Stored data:
----------

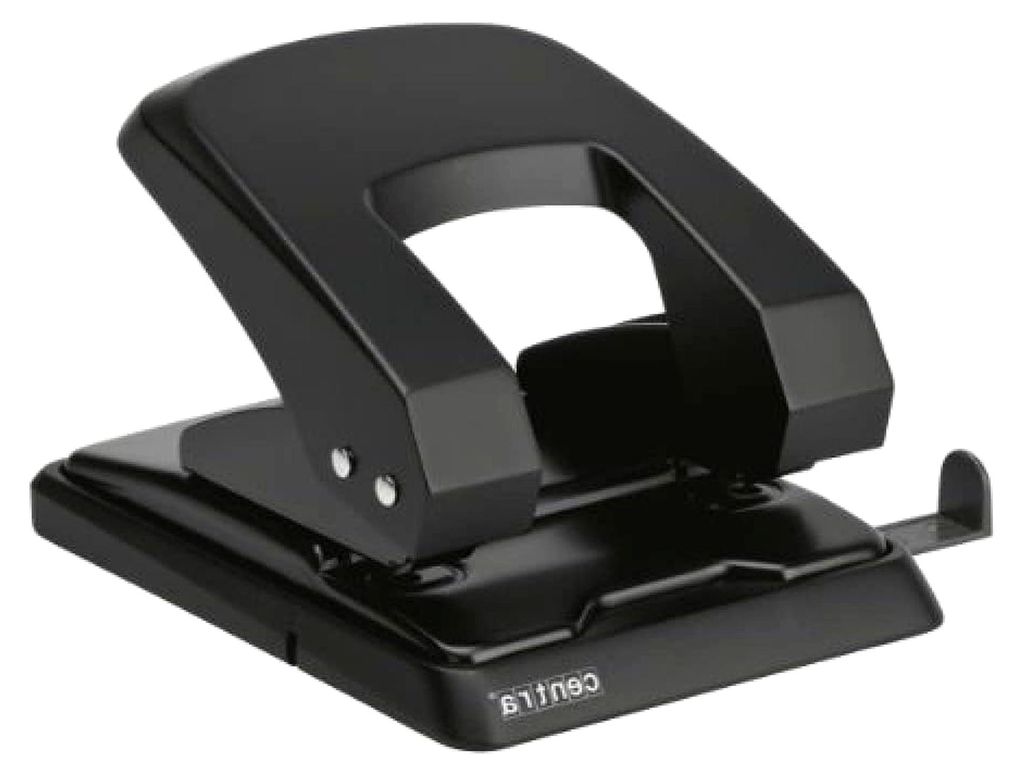 HP40 Locher (Metall, für 40 Blatt, mit Anschlagschiene) schwarz
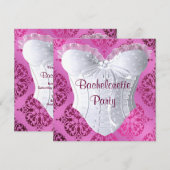 Invitation Fête de Fiançailles en Corset en Damassé Rose Chau (Devant / Derrière)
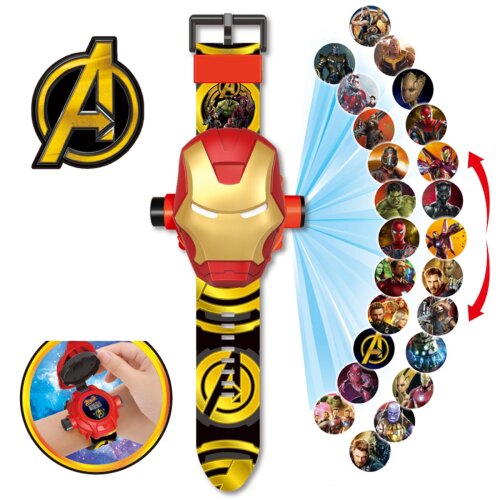 Iron Man Kids Electronic Projection Watches Flip w/24 Toys Marve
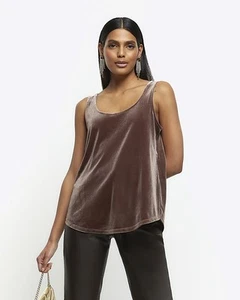 River Island Womens Brown Velvet Sleeveless Vest Top Size 6 - Picture 1 of 11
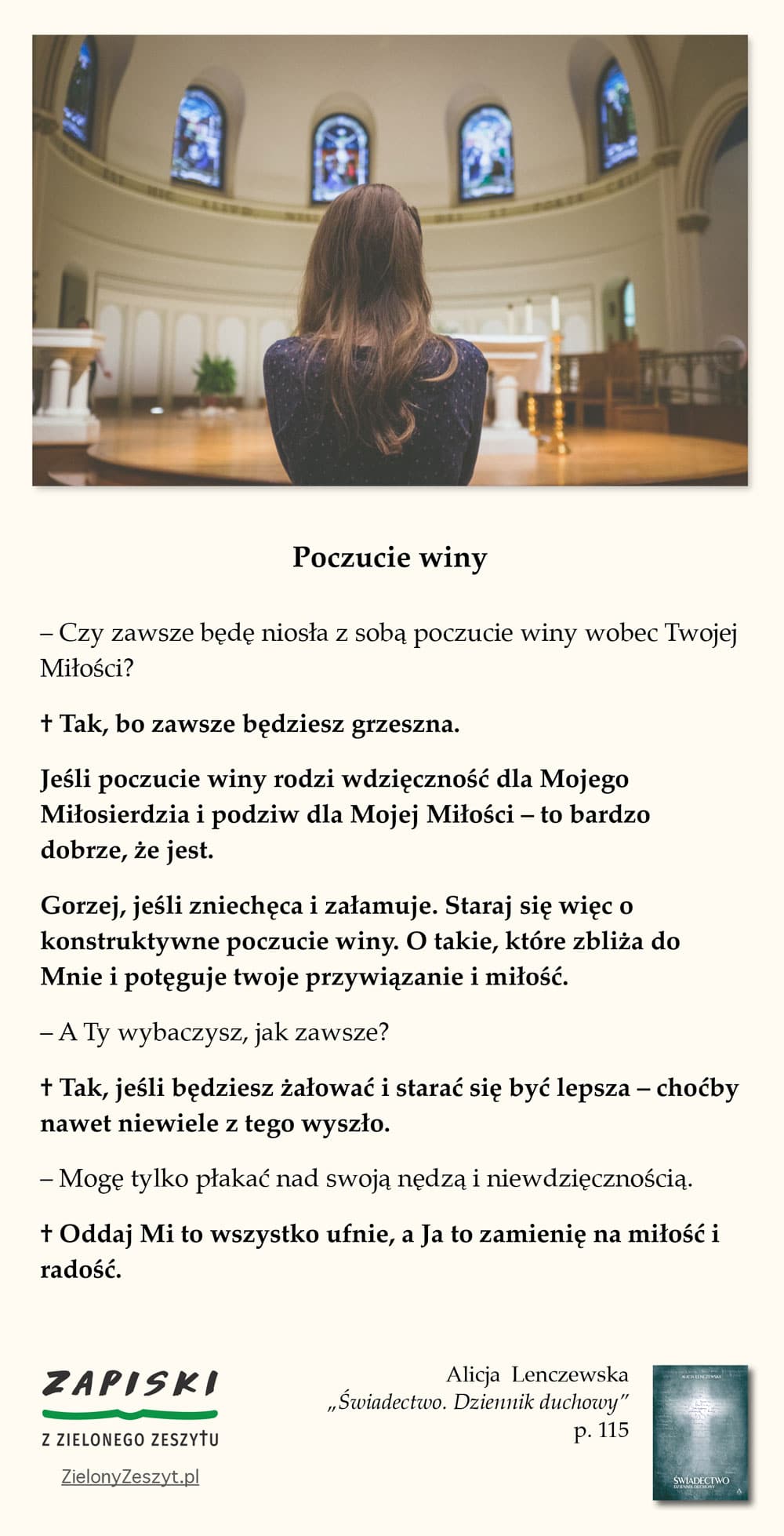 Alicja Lenczewska, „Świadectwo. Dziennik duchowy”, p. 115 (Poczucie winy; Świadectwo – Alicja Lenczewska)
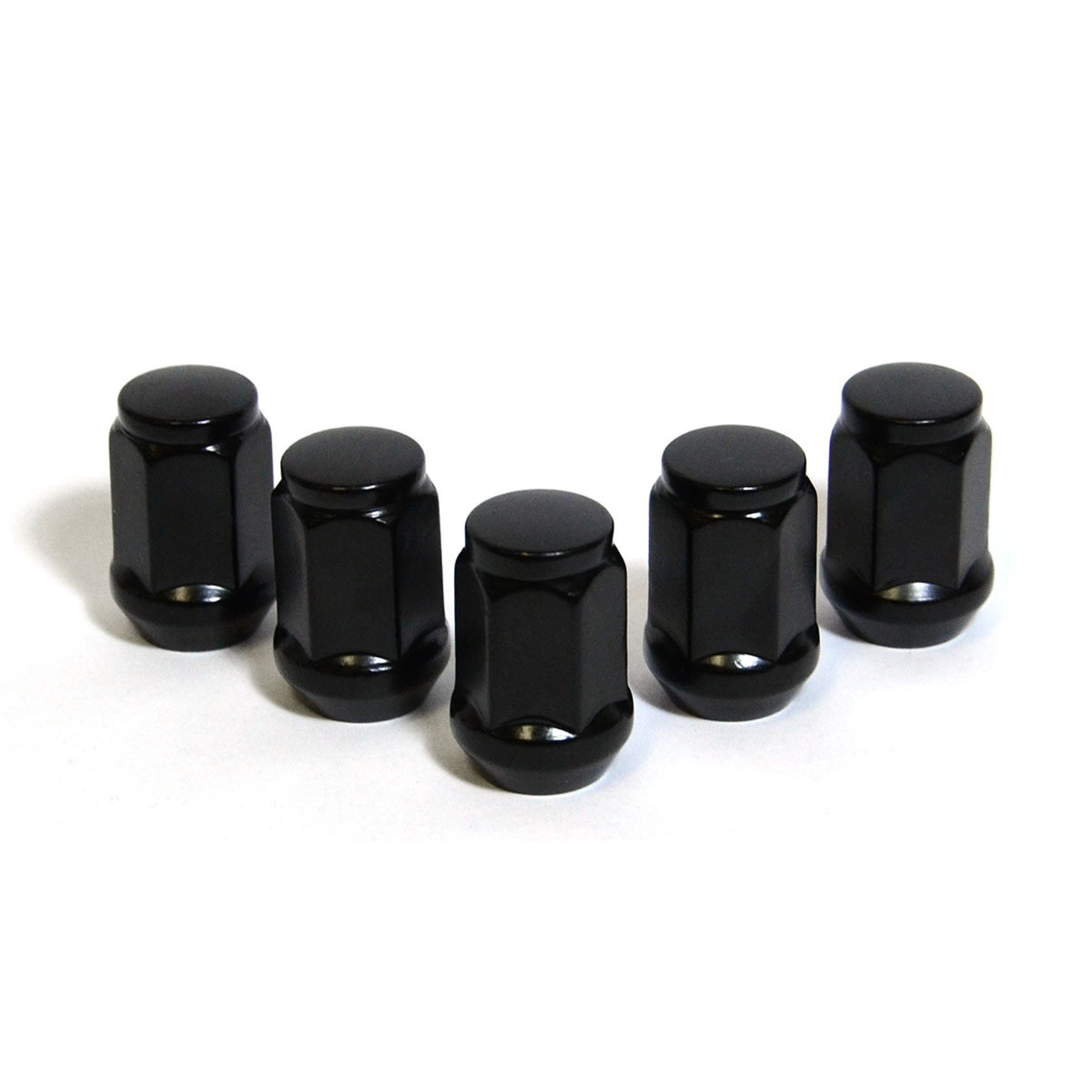SAAS Wheel Nuts Flat Head Bulge 1/2" Black 35mm 5pk
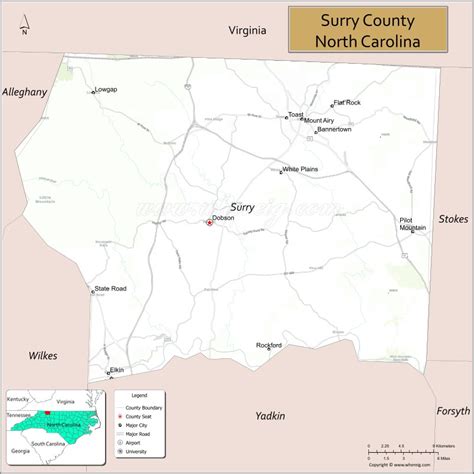 Map Of Surry County North Carolina Where Is Located Cities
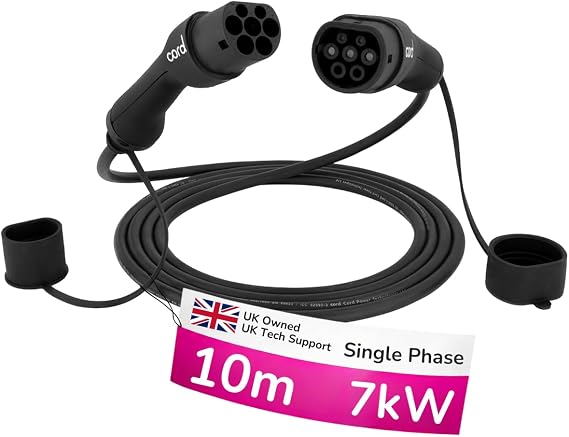 Cord Type 2 to Type 2 EV Charging Cable, 32amp, 7.4kW, 10 Metre, Single Phase, Black & White
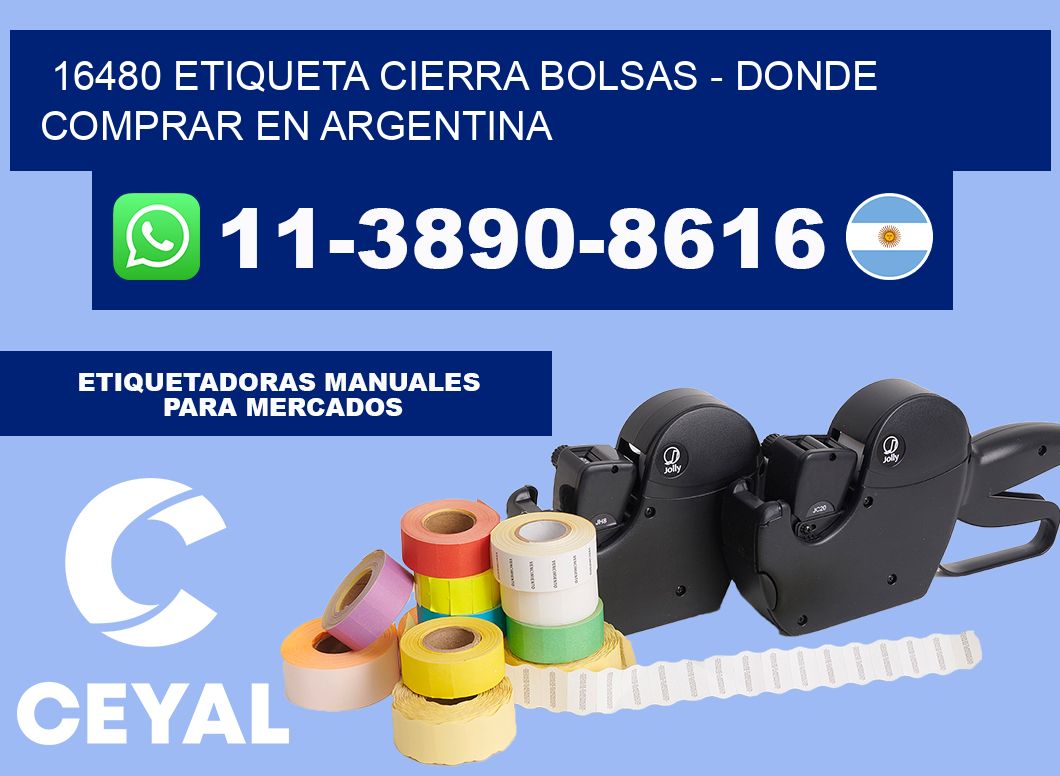 16480 etiqueta Cierra Bolsas - Donde Comprar en Argentina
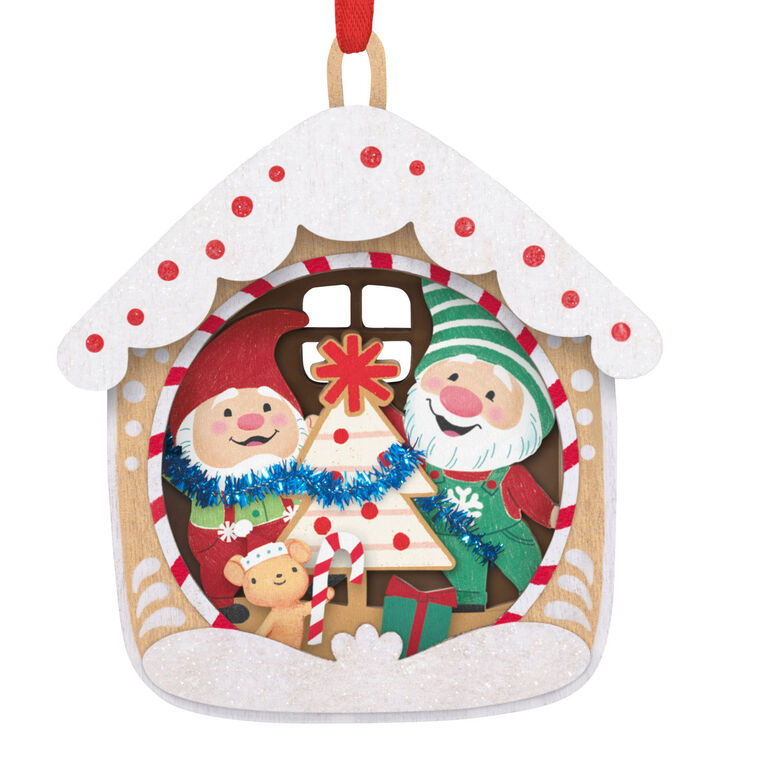Hallmark Keepsake Gnome for Christmas 5th Anniversary papercraft ornament with gnomes, tree, and snow accents.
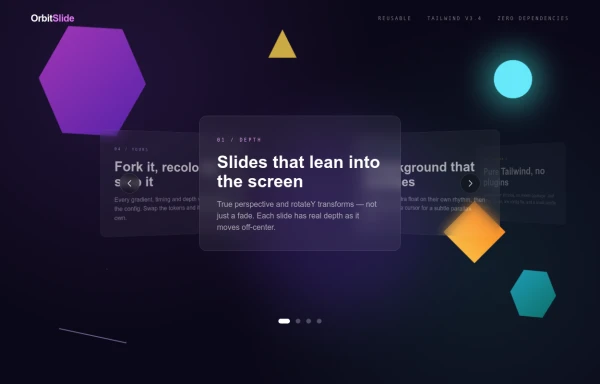 3D Coverflow Slider — Ambient Background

----------

Activity :: The entries should be reproduced word for word, pictures omitted.

Result for this exercise ::
 HP40 Locher (Metall, für 40 Blatt, mit Anschlagschiene) schwarz
 Invitation Fête de Fiançailles en Corset en Damassé Rose Chau (Devant / Derrière)
 Iron Man Kids Electronic Projection Watches Flip w/24 Toys Marve
 River Island Womens Brown Velvet Sleeveless Vest Top Size 6 - Picture 1 of 11
 Alicja Lenczewska, „Świadectwo. Dziennik duchowy”, p. 115 (Poczucie winy; Świadectwo – Alicja Lenczewska)
SAAS Wheel Nuts Flat Head Bulge 1/2" Black 35mm 5pk
 Map Of Surry County North Carolina Where Is Located Cities
 Cord Type 2 to Type 2 EV Charging Cable, 32amp, 7.4kW, 10 Metre, Single Phase, Black & White
 16480 etiqueta Cierra Bolsas - Donde Comprar en Argentina
Hallmark Keepsake Gnome for Christmas 5th Anniversary papercraft ornament with gnomes, tree, and snow accents.
 3D Coverflow Slider — Ambient Background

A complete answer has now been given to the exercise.